-- Required work --
Your answer must be the records below, printed exactly.

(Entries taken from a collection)

· · · ·

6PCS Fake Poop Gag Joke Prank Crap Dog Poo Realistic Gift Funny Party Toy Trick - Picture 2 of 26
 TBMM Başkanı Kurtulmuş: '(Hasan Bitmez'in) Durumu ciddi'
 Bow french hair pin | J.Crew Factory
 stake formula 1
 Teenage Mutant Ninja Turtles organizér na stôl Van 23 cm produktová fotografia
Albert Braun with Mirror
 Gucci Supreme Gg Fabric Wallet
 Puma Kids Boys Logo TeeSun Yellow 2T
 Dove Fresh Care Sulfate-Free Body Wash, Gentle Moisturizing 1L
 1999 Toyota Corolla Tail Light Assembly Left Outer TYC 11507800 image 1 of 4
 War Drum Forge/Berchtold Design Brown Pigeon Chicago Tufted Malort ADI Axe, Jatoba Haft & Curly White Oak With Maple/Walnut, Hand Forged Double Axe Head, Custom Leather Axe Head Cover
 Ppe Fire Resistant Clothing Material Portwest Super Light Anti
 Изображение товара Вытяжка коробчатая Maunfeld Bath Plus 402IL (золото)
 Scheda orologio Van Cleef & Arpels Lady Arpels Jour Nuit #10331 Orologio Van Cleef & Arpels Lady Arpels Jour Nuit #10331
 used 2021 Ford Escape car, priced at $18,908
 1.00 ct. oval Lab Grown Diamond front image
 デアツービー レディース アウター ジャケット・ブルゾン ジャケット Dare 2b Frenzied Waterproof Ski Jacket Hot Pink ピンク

· · · ·

-- Expected answer --
6PCS Fake Poop Gag Joke Prank Crap Dog Poo Realistic Gift Funny Party Toy Trick - Picture 2 of 26
 TBMM Başkanı Kurtulmuş: '(Hasan Bitmez'in) Durumu ciddi'
 Bow french hair pin | J.Crew Factory
 stake formula 1
 Teenage Mutant Ninja Turtles organizér na stôl Van 23 cm produktová fotografia
Albert Braun with Mirror
 Gucci Supreme Gg Fabric Wallet
 Puma Kids Boys Logo TeeSun Yellow 2T
 Dove Fresh Care Sulfate-Free Body Wash, Gentle Moisturizing 1L
 1999 Toyota Corolla Tail Light Assembly Left Outer TYC 11507800 image 1 of 4
 War Drum Forge/Berchtold Design Brown Pigeon Chicago Tufted Malort ADI Axe, Jatoba Haft & Curly White Oak With Maple/Walnut, Hand Forged Double Axe Head, Custom Leather Axe Head Cover
 Ppe Fire Resistant Clothing Material Portwest Super Light Anti
 Изображение товара Вытяжка коробчатая Maunfeld Bath Plus 402IL (золото)
 Scheda orologio Van Cleef & Arpels Lady Arpels Jour Nuit #10331 Orologio Van Cleef & Arpels Lady Arpels Jour Nuit #10331
 used 2021 Ford Escape car, priced at $18,908
 1.00 ct. oval Lab Grown Diamond front image
 デアツービー レディース アウター ジャケット・ブルゾン ジャケット Dare 2b Frenzied Waterproof Ski Jacket Hot Pink ピンク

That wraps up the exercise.